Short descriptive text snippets

+ + + + +

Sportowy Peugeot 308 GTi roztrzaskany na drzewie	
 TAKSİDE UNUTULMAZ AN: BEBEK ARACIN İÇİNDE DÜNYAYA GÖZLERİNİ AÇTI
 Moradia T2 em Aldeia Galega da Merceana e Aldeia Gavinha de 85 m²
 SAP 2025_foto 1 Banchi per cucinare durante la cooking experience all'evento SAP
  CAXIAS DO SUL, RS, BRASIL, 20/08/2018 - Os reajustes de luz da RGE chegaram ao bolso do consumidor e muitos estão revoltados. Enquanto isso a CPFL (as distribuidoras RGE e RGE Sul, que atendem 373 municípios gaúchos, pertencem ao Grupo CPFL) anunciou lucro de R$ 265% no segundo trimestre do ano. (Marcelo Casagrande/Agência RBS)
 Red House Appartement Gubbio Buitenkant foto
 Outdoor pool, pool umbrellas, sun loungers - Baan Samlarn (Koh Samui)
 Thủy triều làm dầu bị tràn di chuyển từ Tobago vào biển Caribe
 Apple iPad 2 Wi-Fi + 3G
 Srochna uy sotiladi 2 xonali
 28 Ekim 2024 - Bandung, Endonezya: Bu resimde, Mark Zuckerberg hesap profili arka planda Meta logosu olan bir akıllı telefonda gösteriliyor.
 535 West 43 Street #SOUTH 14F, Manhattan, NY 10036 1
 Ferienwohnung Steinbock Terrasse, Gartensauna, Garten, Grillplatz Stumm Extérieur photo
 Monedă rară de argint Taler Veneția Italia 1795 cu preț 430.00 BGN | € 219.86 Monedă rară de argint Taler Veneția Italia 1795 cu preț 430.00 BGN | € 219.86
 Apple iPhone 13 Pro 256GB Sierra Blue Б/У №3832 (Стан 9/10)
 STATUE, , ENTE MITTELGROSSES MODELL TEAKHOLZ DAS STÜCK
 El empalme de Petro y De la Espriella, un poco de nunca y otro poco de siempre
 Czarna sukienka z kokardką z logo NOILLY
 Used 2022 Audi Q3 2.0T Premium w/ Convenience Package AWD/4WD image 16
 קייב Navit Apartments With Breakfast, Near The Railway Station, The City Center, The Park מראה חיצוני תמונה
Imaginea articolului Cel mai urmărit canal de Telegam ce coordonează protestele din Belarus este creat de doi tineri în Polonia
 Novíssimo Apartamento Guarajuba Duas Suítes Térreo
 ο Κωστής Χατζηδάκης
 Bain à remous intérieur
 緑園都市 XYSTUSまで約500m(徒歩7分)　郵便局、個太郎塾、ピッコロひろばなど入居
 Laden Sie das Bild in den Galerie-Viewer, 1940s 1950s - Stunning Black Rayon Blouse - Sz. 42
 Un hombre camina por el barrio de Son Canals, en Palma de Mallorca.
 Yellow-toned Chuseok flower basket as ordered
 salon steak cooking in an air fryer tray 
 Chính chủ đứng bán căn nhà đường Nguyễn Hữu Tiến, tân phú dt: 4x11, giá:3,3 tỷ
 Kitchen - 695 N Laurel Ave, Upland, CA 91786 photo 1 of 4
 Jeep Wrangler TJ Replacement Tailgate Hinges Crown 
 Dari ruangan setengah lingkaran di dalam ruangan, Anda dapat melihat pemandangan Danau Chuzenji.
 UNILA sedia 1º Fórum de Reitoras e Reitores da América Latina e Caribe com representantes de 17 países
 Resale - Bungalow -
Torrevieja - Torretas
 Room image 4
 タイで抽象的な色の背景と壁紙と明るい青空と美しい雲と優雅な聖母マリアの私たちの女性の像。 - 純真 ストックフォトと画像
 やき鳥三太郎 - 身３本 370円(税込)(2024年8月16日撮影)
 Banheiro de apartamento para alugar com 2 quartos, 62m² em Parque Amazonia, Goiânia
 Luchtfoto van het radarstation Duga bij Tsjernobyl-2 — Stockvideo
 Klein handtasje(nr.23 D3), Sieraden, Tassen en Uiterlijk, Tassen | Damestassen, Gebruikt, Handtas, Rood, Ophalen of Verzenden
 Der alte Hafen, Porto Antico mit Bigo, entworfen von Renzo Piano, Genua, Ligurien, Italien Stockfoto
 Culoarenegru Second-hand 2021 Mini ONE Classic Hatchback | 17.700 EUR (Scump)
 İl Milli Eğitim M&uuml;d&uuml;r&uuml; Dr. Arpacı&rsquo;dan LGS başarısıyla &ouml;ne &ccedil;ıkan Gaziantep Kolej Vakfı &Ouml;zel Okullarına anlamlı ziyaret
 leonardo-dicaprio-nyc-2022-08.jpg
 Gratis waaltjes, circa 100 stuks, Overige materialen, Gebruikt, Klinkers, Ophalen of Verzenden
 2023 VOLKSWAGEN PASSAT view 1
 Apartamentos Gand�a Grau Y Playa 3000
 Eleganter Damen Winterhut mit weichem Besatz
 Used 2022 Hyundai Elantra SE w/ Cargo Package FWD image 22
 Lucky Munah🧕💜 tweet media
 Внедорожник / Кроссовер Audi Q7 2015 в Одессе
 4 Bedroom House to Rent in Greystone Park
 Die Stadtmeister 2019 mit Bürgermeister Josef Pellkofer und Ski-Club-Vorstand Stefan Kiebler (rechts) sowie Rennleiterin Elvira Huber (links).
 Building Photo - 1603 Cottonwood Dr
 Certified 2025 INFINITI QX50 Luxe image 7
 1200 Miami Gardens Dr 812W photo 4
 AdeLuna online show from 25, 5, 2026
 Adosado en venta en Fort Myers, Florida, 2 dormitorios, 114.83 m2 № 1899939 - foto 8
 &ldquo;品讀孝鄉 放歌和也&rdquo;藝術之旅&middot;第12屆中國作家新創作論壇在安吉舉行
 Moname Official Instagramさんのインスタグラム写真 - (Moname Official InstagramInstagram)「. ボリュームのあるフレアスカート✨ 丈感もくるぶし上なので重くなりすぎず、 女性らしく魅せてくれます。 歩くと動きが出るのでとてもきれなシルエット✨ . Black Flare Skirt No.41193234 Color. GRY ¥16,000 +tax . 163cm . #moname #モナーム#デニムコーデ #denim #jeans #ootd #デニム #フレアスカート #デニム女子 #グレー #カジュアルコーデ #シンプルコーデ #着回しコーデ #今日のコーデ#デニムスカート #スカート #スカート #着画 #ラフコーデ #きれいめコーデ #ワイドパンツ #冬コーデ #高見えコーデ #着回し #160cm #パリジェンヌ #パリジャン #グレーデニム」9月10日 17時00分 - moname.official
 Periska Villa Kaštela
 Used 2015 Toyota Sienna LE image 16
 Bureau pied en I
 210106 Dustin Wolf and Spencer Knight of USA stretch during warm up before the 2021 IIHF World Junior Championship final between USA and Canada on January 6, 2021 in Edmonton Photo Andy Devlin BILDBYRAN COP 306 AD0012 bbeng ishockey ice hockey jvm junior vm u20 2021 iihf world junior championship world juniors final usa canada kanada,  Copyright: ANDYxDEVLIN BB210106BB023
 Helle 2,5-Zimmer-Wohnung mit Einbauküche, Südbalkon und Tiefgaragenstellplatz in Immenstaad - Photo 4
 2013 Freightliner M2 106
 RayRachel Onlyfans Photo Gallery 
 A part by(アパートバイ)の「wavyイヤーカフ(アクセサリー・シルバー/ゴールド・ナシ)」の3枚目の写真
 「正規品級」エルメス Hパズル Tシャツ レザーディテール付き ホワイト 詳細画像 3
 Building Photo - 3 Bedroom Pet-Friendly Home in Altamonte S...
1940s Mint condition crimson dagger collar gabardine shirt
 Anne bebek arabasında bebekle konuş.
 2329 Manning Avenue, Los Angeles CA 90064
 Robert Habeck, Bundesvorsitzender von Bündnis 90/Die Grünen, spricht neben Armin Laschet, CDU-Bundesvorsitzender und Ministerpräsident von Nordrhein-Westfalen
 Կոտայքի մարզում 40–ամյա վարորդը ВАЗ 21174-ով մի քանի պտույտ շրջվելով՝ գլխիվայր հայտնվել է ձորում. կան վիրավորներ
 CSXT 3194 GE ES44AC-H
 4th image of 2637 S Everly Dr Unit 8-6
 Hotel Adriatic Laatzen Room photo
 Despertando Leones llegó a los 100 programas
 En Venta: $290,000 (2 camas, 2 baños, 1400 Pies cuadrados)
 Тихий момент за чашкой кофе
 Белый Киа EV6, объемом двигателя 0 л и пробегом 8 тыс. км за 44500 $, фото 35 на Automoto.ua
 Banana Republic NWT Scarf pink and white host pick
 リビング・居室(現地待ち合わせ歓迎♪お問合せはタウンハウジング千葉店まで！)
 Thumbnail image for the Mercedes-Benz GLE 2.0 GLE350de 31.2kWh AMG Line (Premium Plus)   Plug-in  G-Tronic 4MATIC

+ + + + +

*Problem details*: Every line above holding the string "Ophalen" should be listed.

*Task result*:
 Klein handtasje(nr.23 D3), Sieraden, Tassen en Uiterlijk, Tassen | Damestassen, Gebruikt, Handtas, Rood, Ophalen of Verzenden
 Gratis waaltjes, circa 100 stuks, Overige materialen, Gebruikt, Klinkers, Ophalen of Verzenden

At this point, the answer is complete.